Dolomiti, l’incognita clima: «Può aver causato i crolli»

Antelao, Civetta, Sorapiss: i geologi dicono che le frane ci sono sempre state. Ma secondo Scortegagna c’entrano i macro mutamenti

Neppure l’ultima neve riesce a coprire la ferita lasciata dalla frana caduta lungo il fianco dell’Antelao. «Tutto normale, mi sorprendo della sorpresa – confida Renato Fiori - Ogni notte sento rumori strani di rocce che si staccano». Fiori ha 80 anni, una vita spesa nei rilievi geologici. L’anziano saggio, che abita a San Vito di Cadore, è stato portato in quota anche l’altra sera, per un sopralluogo. «Ho riscontrato qualche possibile instabilità di sassi, ma nulla da consigliare la chiusura delle strade al traffico in paese, come era stato suggerito».

Ma non tutti i geologi la pensano come lui. Ugo Scortegagna, di Mirano, tesserato del Club alpino italiano da lunga data, è uno tra gli studiosi di geologia più accreditati d’Italia, specie per quanto riguarda le terre alte, quelle dolomitiche in particolare. «È verissimo che le montagne vengano giù, o meglio pezzi di montagna, è una cosa naturale. Ma che questi crolli si verifichino in tardo autunno o in pieno inverno (quando tutto dovrebbe essere congelato) questo ci fa riflettere. La risposta si può riscontrare nei cambiamenti climatici che stiamo attraversando, o meglio che il Pianeta Terra sta subendo. Sbalzi di temperatura repentini e frequenti, precipitazioni intense in spazi ristretti e tempi brevi, tutto legato ai cambiamenti climatici in corso, fanno sì che l’acqua che si infila nelle fratture, essendo quelle dolomitiche rocce molto stratificate e ricche di diaclasi, intorno ai zero gradi centigradi (situazioni frequenti a certe quote) si gela e aumenta di volume provocando una apertura e a l l a g a me n to delle fratture. Poi durante il giorno si sgela e le rocce smosse scendono verso il basso, anche in volumi cospicui, come nei casi che abbiamo citato».
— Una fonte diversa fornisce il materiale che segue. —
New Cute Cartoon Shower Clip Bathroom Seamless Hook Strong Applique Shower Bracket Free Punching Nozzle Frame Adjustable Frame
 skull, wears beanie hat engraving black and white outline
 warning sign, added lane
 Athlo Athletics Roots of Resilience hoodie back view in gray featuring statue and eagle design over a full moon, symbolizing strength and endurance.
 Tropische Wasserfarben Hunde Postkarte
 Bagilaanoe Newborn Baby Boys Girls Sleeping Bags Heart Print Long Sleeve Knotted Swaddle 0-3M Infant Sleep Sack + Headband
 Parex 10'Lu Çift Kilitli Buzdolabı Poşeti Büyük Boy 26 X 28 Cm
L’altro ieri l'Antelao, la seconda cima in Veneto dopo la Marmolada, nei giorni scorsi la Civetta ed il Sorapiss. Nel giugno del 2004, un'estate con ancora presenza di neve in quota, la guglia Trephor, sulle Cinque Torri, l'anno dopo sempre a Cortina un costone dal Pomagagnon. E come non far memoria del tragico distacco del monte Pelmo, il 31 agosto 2011, che costò la vita di due uomini del Soccorso Alpino, Alberto Bonafede e Aldo Giustina? Senza contare le Dolomiti non venete: lo Sciliar e il Sass Maor nelle Pale di San Martino, la Cima Una in Val Fiscalina (Pusteria).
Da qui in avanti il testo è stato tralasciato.